## Exploring The Source Directory

In [0]:
use catalog hive_metastore;

In [0]:
%python
files = dbutils.fs.ls(f"dbfs:/mnt/demo-datasets/bookstore/orders-raw")
display(files)

## Auto Loader

In [0]:
%fs ls "dbfs:/mnt/demo/orders_checkpoint"

In [0]:
%python
(spark.readStream
              .format("cloudFiles")
              .option("cloudFiles.format","parquet")
              .option("cloudFiles.schemaLocation", "dbfs:/mnt/demo/orders_checkpoint")
              .load(f"dbfs:/mnt/demo-datasets/bookstore/orders-raw")
              .writeStream
              .option("checkpointLocation", "dbfs:/mnt/demo/orders_checkpoint")
              .table("orders_updates")
            )


In [0]:
SELECT * FROM orders_updates limit 3

In [0]:
SELECT count(*) FROM orders_updates

In [0]:
describe extended orders_updates

In [0]:
%fs ls "dbfs:/user/hive/warehouse/orders_updates"

## Landing New Files

In [0]:
%python
import re

dir_path = "dbfs:/mnt/demo-datasets/bookstore/orders-raw/"
source_file = "dbfs:/mnt/demo-datasets/bookstore/orders-raw/01.parquet"

# 1. 디렉토리 내 파일 목록 조회
files = dbutils.fs.ls(dir_path)

# 2. 숫자.parquet 패턴에서 숫자만 추출
numbers = []
pattern = re.compile(r"(\d+)\.parquet$")

for f in files:
    match = pattern.search(f.name)
    if match:
        numbers.append(int(match.group(1)))

# 3. 다음 파일 번호 계산
next_number = max(numbers) + 1 if numbers else 1
next_file_name = f"{next_number:02d}.parquet"

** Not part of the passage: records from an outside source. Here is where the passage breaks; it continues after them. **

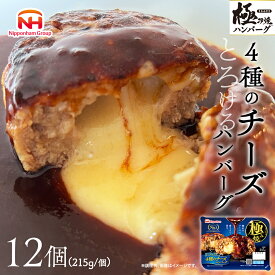 【ふるさと納税】極み焼きハンバーグ（4種のチーズソース）セット 加工食品 惣菜 レトルト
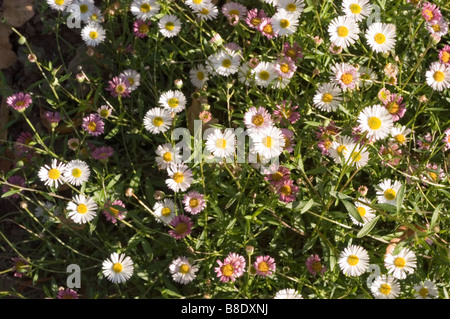 Mexikanische Fleabane, Erigeron karvinskianus, Gänseblümchen fleabane, lateinamerikanische fleabane blüht in einem dichten Gartenboden mit grünen Blättern. Stockfoto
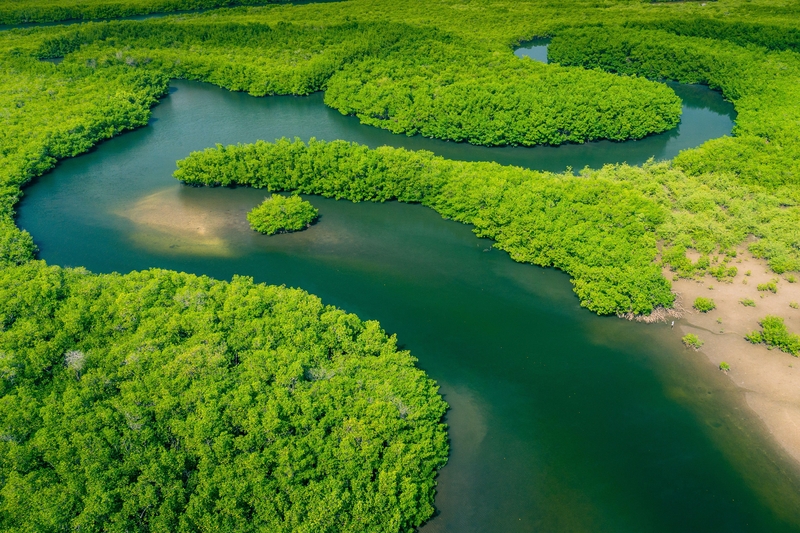 The Amazon Is Earth’s Largest Rainforest | Alamy Stock Photo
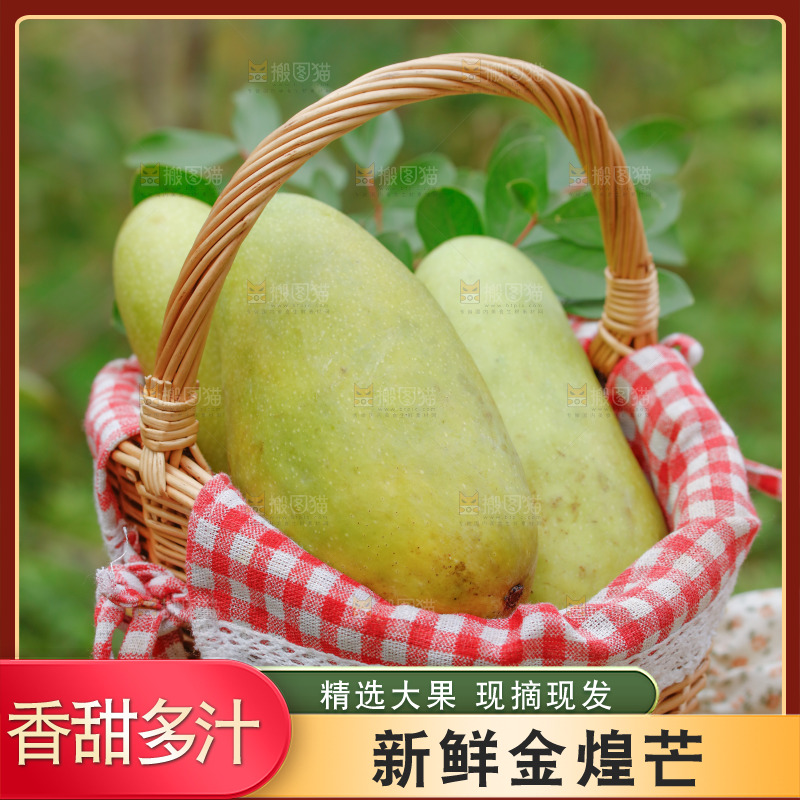 手里端着一篮新鲜金煌芒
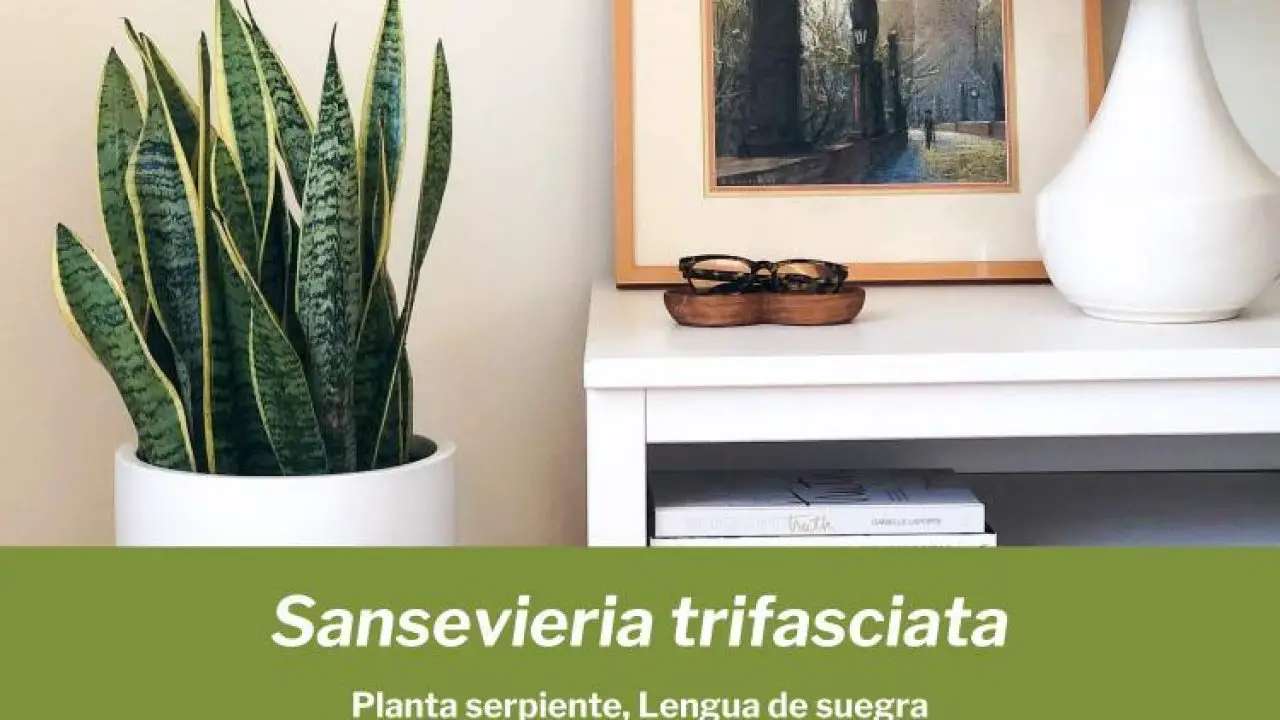 Decoración del hogar Fycooler Plantas Artificiales de Sansevieria-Suegra  Lengua Planta Falso Sansevieria-Planta de Serpiente Falsa Vegetación  Interior Decoración de la Oficina en Casa Sansevieria Laurentii en  Macetas-42cm vemax.es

target_file = dir_path + next_file_name

# 4. 파일 복사
dbutils.fs.cp(source_file, target_file)

print(f"Copied to: {target_file}")


In [0]:
SELECT count(*) FROM orders_updates

In [0]:
%fs ls "dbfs:/mnt/demo/orders_checkpoint"

In [0]:
%fs head "dbfs:/mnt/demo/orders_checkpoint/metadata"

## Exploring Table History

In [0]:
describe history orders_updates

## Cleaning Up

In [0]:
DROP TABLE orders_updates

In [0]:
%fs ls "dbfs:/mnt/demo/orders_checkpoint"

In [0]:
%python
dbutils.fs.rm("dbfs:/mnt/demo/orders_checkpoint", True)